SECTION 2. Default/Commitment Suspension/Acceleration; Notices. In the
event that (i) either the Consignor or the Agent (individually, a "Creditor" and
collectively with the Consignor, the "Creditors"), declares any part of the
Consignment Obligations or the Credit Obligations, as applicable, to be in
default, (ii) either the Consignor terminates or suspends its obligations to
deliver Metals as provided in the Consignment Agreement or the Agent, terminates
or suspends the Secured Parties' obligation to make Credit Extensions under the
Credit Documents, or (iii) either the Consignor or the Agent, accelerates the
Consignment Obligations or Credit Obligations or, subject to Section 6, makes
any demand to foreclose on the Collateral (the events described in this clause
(iii) each referred to as a "Declared Acceleration"), under either the
Consignment Documents or Credit Documents, as applicable, such Creditor will
give prompt written notice (an "Acceleration Notice") thereof to the other
Creditor, indicating whether or not such event constitutes a Declared
Acceleration, and will furnish to the other Creditor a copy of the notice given
to such Credit Party, as applicable. Subject to the other terms of this
Intercreditor Agreement, it is expressly understood and agreed by each Creditor
that
3
Indebtedness owing to Consignor or any Secured Party from any Credit Party may
be accelerated in accordance with the terms of the Credit Agreement or the
Consignment Agreement, as applicable, and, except as otherwise expressly stated
to the contrary herein, this Intercreditor Agreement does not limit or affect
such right or any other rights afforded to the Consignor or Secured Parties
under the Credit Documents or the Consignment Documents. All notices and other
communications pursuant to this Intercreditor Agreement shall be in writing and
shall be mailed by United States first class mail, postage prepaid or by
facsimile communication confirmed by letter to the parties hereto (other than
the Credit Parties), or delivered by nationally-recognized overnight courier
service, at the address indicated therefor underneath such party's (other than
the Credit Parties) signature hereto, or such other address and to such other
individual as a Creditor may indicate from time to time in writing to the other
Creditor. Notices sent in accordance with the foregoing shall be deemed received
upon the earliest to occur of actual receipt (in the case of telecopy
communication to the appropriate person), three (3) Business Days after being
sent by first class mail, postage prepaid, or one (1) Business Day after being
sent by overnight courier.
SECTION 3. Cross Default. Notwithstanding any provision in the Consignment
Documents to the contrary, no "Event of Default" under the Consignment Documents
will be deemed to exist solely as a result of an "Event of Default" under the
Credit Documents unless the Consignor notifies the Agent of the Consignor's
intention to exercise any rights or remedies under the Consignment Documents and
ten (10) Business Days pass after such notice. Notwithstanding the foregoing,
upon any Event of Default under the Credit Documents, the Consignor may
terminate making consignments to CBI under the Consignment Document.

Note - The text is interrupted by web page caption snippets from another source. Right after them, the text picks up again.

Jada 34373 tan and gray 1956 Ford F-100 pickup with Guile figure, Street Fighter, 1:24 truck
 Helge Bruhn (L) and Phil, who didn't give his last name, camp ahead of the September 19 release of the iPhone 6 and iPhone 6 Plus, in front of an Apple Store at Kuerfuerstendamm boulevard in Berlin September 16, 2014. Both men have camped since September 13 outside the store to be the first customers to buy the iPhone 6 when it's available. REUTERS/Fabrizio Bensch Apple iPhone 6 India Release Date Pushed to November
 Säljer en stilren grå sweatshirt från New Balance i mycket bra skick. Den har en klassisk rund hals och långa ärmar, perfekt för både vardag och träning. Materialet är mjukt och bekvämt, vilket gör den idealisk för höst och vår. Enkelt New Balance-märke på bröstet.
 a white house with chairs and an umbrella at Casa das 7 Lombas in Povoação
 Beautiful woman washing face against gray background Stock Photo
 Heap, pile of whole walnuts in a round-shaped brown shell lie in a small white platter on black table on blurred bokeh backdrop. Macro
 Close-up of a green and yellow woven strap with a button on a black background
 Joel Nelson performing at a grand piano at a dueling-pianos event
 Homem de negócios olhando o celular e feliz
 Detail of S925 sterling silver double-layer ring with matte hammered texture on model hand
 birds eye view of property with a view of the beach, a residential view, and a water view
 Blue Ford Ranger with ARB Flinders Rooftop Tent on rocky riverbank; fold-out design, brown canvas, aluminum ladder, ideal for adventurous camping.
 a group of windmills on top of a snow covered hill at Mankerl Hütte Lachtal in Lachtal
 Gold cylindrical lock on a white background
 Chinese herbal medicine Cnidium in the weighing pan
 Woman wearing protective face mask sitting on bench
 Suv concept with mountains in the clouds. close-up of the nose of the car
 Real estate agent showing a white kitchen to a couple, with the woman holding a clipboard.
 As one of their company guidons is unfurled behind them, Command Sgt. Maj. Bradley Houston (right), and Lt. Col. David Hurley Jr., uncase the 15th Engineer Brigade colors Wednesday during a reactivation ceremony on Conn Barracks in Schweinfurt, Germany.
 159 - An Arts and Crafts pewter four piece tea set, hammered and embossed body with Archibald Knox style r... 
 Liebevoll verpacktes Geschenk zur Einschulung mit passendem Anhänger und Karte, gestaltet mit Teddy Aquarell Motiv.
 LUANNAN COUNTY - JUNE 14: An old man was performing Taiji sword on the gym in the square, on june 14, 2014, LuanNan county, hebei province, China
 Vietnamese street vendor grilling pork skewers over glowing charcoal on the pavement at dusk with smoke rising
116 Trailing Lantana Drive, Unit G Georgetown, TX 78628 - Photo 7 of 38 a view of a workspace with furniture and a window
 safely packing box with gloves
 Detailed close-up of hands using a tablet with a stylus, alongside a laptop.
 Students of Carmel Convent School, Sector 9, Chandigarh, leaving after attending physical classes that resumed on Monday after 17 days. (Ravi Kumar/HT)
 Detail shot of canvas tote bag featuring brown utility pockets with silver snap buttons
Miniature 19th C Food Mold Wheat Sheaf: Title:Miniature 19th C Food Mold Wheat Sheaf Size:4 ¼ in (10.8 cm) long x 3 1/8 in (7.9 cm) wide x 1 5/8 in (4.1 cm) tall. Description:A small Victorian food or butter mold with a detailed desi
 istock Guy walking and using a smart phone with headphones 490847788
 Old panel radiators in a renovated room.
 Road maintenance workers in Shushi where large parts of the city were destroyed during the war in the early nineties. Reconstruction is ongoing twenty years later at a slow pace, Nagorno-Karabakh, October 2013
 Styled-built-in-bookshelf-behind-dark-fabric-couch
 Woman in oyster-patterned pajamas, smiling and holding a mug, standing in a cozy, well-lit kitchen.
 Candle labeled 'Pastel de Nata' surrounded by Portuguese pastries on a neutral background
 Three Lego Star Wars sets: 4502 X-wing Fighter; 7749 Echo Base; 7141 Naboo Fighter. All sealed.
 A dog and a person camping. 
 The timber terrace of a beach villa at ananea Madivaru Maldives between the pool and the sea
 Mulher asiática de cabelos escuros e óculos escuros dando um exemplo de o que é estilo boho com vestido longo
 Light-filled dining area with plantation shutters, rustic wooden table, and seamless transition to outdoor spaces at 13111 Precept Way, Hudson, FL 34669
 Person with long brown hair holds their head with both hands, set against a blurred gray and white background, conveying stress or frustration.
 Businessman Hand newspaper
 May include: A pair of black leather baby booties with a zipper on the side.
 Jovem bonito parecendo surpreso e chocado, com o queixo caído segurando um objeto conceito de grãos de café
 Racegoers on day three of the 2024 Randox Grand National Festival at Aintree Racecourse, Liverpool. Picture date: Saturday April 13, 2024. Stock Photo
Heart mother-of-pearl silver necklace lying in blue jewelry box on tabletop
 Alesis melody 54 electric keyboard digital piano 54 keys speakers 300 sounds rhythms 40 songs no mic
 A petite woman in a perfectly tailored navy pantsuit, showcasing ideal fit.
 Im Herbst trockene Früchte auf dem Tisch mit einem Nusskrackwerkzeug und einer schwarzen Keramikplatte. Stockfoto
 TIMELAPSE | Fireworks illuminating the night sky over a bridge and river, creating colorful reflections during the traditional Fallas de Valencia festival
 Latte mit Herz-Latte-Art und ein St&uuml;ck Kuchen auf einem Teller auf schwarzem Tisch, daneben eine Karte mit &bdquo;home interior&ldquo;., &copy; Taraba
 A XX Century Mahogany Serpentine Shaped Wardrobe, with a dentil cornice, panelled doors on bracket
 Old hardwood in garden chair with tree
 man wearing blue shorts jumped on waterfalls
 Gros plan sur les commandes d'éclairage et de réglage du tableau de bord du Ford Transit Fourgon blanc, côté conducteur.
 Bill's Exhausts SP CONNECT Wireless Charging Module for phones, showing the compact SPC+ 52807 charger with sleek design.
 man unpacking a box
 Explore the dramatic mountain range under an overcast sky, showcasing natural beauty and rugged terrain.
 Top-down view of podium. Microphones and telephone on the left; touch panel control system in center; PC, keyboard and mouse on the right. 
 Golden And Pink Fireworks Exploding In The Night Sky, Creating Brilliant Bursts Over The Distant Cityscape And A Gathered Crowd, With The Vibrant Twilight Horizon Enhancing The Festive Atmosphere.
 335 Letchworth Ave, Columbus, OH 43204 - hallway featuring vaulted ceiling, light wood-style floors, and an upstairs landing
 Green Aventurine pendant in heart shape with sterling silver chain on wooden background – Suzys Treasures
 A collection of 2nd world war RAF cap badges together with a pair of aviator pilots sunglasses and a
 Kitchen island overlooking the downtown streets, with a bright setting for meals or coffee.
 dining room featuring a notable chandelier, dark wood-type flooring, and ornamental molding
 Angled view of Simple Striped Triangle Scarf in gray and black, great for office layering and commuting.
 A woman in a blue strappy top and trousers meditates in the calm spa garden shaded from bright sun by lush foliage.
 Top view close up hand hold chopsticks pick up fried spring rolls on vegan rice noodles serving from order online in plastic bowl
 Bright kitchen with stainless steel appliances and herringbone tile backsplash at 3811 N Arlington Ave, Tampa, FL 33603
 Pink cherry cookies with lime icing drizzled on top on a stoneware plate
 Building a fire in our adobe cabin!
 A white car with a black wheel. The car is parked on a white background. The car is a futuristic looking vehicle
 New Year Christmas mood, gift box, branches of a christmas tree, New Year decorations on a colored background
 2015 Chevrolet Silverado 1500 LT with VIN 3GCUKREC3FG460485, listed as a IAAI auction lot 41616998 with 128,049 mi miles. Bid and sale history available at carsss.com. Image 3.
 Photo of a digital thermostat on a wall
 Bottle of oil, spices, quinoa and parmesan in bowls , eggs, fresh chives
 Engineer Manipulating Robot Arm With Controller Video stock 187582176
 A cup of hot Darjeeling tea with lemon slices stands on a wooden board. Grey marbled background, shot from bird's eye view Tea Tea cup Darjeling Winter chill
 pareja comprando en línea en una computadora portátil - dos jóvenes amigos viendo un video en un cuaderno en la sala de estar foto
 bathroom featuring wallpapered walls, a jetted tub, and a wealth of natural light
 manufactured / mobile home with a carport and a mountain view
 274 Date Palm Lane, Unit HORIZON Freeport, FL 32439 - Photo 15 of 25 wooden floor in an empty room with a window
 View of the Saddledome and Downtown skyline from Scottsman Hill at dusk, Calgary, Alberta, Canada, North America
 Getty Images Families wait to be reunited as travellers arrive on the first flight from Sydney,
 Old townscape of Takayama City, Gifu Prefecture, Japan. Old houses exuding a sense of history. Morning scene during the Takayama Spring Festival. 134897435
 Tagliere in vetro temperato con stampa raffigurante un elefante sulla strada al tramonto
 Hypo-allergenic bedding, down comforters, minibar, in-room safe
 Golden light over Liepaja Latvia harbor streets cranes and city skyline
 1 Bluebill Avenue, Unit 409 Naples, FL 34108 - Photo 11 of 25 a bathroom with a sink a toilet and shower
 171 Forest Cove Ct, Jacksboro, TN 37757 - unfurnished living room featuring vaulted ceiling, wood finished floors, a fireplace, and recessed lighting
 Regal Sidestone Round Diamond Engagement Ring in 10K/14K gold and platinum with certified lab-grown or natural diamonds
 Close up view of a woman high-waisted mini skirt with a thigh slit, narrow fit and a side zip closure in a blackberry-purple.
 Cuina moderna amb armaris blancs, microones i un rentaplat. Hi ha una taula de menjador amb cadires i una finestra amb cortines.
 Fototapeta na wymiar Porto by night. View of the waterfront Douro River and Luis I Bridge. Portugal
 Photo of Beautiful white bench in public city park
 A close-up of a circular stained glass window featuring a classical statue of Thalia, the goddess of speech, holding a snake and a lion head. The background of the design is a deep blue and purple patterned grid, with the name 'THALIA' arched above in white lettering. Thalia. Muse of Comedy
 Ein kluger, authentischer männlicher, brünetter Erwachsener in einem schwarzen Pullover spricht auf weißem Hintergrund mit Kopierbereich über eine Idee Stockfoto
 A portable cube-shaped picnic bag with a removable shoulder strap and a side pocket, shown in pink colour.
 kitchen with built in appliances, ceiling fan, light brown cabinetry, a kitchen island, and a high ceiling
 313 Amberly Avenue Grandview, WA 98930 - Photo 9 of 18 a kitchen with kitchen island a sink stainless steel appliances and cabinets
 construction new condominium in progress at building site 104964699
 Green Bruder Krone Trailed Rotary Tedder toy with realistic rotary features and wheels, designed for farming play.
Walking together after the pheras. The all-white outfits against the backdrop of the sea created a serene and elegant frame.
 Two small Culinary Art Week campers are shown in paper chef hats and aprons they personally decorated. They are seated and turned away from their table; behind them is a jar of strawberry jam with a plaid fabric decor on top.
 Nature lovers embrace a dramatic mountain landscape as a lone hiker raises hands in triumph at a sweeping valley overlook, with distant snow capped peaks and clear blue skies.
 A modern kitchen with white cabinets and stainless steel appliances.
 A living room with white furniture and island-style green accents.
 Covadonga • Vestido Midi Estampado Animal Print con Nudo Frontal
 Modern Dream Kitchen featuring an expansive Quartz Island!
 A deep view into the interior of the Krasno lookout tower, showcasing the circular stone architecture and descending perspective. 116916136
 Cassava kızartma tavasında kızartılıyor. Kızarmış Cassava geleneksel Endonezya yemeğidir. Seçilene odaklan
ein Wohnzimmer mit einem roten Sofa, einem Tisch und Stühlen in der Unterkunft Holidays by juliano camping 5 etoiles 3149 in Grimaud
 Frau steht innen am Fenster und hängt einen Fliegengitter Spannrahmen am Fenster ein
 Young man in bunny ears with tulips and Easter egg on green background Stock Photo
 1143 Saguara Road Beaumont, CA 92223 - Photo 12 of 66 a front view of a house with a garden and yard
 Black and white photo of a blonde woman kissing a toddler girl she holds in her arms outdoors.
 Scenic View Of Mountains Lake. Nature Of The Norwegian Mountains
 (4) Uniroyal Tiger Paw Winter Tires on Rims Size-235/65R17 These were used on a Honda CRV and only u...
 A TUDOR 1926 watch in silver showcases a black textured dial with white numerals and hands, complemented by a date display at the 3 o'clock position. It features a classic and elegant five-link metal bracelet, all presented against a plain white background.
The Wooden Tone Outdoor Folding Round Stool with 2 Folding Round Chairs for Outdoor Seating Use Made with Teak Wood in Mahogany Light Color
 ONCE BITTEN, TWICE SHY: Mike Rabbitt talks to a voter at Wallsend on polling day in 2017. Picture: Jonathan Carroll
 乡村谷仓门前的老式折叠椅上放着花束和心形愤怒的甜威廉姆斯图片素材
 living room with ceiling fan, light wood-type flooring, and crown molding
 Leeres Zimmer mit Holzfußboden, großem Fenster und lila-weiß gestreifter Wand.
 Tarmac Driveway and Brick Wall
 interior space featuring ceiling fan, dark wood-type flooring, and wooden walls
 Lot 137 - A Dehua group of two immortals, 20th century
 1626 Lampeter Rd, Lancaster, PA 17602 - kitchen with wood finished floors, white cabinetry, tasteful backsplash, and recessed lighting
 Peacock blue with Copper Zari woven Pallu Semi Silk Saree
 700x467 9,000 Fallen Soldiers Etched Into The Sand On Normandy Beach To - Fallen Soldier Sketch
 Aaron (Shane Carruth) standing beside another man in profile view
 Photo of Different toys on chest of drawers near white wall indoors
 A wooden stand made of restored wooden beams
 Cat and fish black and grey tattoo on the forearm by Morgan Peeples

SECTION 4. Account Receivable Reported Amount. CBI will deliver to the
Agent a copy of each Borrowing Base Certificate delivered by it to the Consignor
under the Consignment Agreement, which Borrowing Base Certificates will indicate
on line 8C thereof the amount of money (the "Account Receivable Reported
Amount") then owing by CBI to the Consignor for Metals included in Inventory
sold by CBI to its customers. Each such Borrowing Base Certificate shall, unless
objected to by either the Agent or the Consignor, be deemed to be accurate and
conclusive for purposes of this Intercreditor Agreement.
SECTION 5. Cooperation in Liquidation. The Creditors shall cooperate in
the Liquidation of the assets constituting the Collateral as security for the
Consignment Obligations and the Credit Obligations, in a commercially reasonable
manner under the circumstances and in accordance with the Uniform Commercial
Code in force and effect in such jurisdictions as may be applicable and shall
dispose of the proceeds thereof for the pro rata benefit of the Consignor and
the Lender Parties and in accordance with the terms of this Intercreditor
Agreement (it being agreed by the parties that (i) the Consignor shall establish
the procedures for Liquidation of Metals Collateral and shall conduct such
Liquidation and (ii) the Agent shall establish the procedures for Liquidation of
Collateral other than Metals Collateral and shall conduct such Liquidation under
this clause (ii) in accordance with the terms of the Collateral Documents which
shall govern).
SECTION 6. Relative Priorities; Rights to Require Foreclosure. (a)
Notwithstanding the actual priorities of the respective security interests of
the Creditors in the Collateral, the Creditors covenant and agree that (i) as
between the Creditors, the Agent has a first priority
4
security interest with respect to the Collateral other than the Metals
Collateral, (ii) as between the Creditors, the Agent has a second priority
security interest with respect to the Metals Collateral, (iii) as between the
Creditors, the Consignor has a first priority interest with respect to the
Metals Collateral and (iv) upon an Acceleration/Insolvency Event, the proceeds
of the Collateral (other than the Metals Collateral) subject to Section 6(c)
below shall be applied for the pro rata benefit of the Consignor (as one of the
Secured Parties) and other Secured Parties based on the amount of the Secured
Obligations in accordance with the Credit Documents.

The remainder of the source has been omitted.